The Supreme Court’s decision is more than just a loss for the Murr family, it is a significant blow to property rights, the foundation of civil society. Private property is the foundation for all of us to pursue our own conceptions of happiness. For families like the Murrs, it enables them to work hard and save money to buy a place for their family to gather and reconnect.
Property rights also enable us to define ourselves. For many, a father’s watch, a grandmother’s ring, or a family bible passed down through generations is our most precious property—treasure, really—that connects us to our past and gives us identity. Even concert stubs, or old records are meaningful tokens of the past. Having them taken away doesn’t feel like we’ve only had a piece of property stolen, but a part of ourselves.
We express ourselves through property. The way we decorate our homes says a great deal about us—to the people we choose to show it. Property enables us to express ourselves in countless other ways, whether it’s the clothes we wear, the art we create, or the speech we support. Property rights are essential to expressing the ways in which we are all unique—whether we prefer the Stones or the Beatles—and give us a way to signal whether we agree or disagree, perhaps through a political sign in our yard, or a bumper sticker on our car.

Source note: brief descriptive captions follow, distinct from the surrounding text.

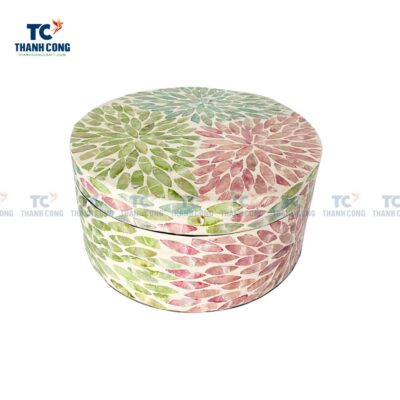 Round Mother of Pearl Storage Box (TCHD-23168)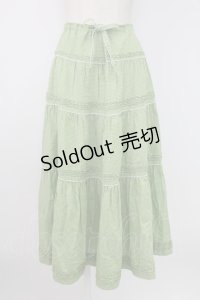 WONDERFUL WORLD / ギンガムチェックピコフリルスカート  グリーン T-25-12-17-037-LO-SK-SA-ZT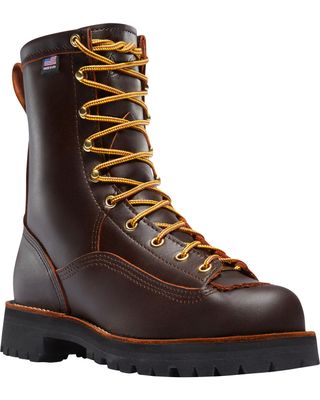 Danner Men's Rain Forest 8" Work Boots - Round Toe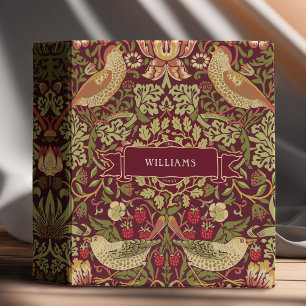 William Morris Strawberry Thief 3 Ring Binder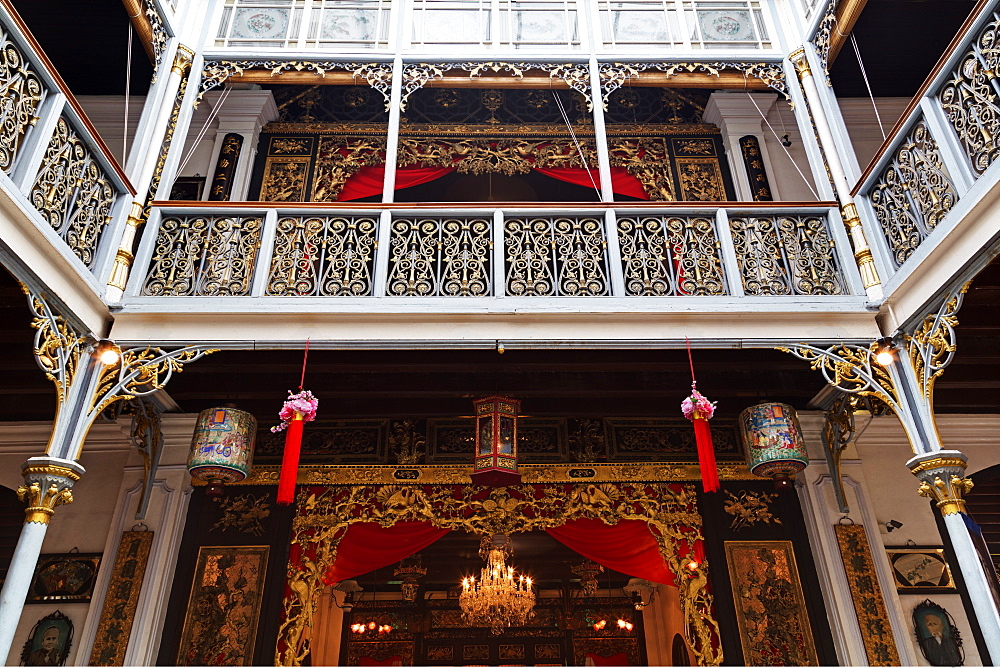 Pinang Peranakan Mansion, Georgetown, Penang Island, Malaysia, Southeast Asia, Asia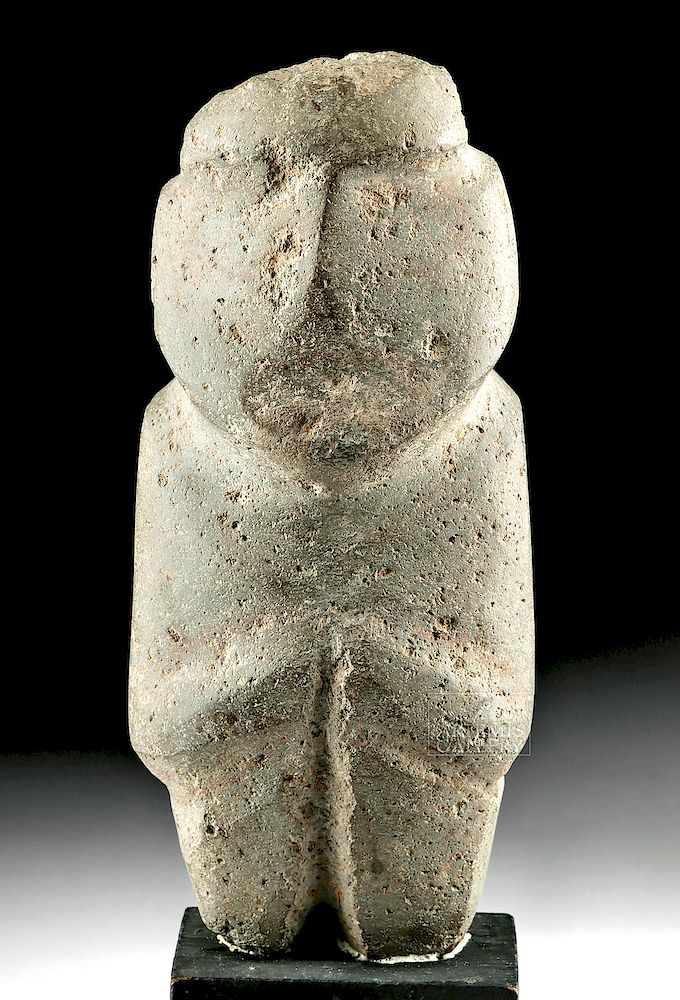 Appraisal: Guerrero Mezcala Stone Axe God Figure Pre-Columbian Mexico Guerrero region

People express their values through their property. Environmentalists may set aside land for conservation. The religious may construct a church or youth camp. Someone else may construct an art gallery to share their work with the world.
Property rights also give us a small sphere of privacy in the world. In our homes, we can do what makes us happy without interference or worrying about what others might think. Like Thoreau at Walden’s Pond, solitude and peaceful reflection may be your bliss. Perhaps, instead, it’s a private hobby or time alone with close friends and family. Whatever makes you happy, private property enables you to pursue it, free of judgment or prying eyes.
Property also brings us together by allowing us to choose whom we hold close. It lets us build a family under a single roof. It allowed three friends to form a modest company in a parent’s garage—and eventually grow it into Apple. Property allows us to behave cooperatively with, and apart from, others. It gives us a means of both putting up boundaries and sharing with others.
It is particularly fitting that the Supreme Court decided Murr on the anniversary of the widely reviled Kelo v. New London decision, which allowed government to seize people’s homes to give them to politically powerful corporations. Both share the same fundamental flaw—they ignore the central role that property plays in all of our lives and why its protection is essential to the pursuit of happiness.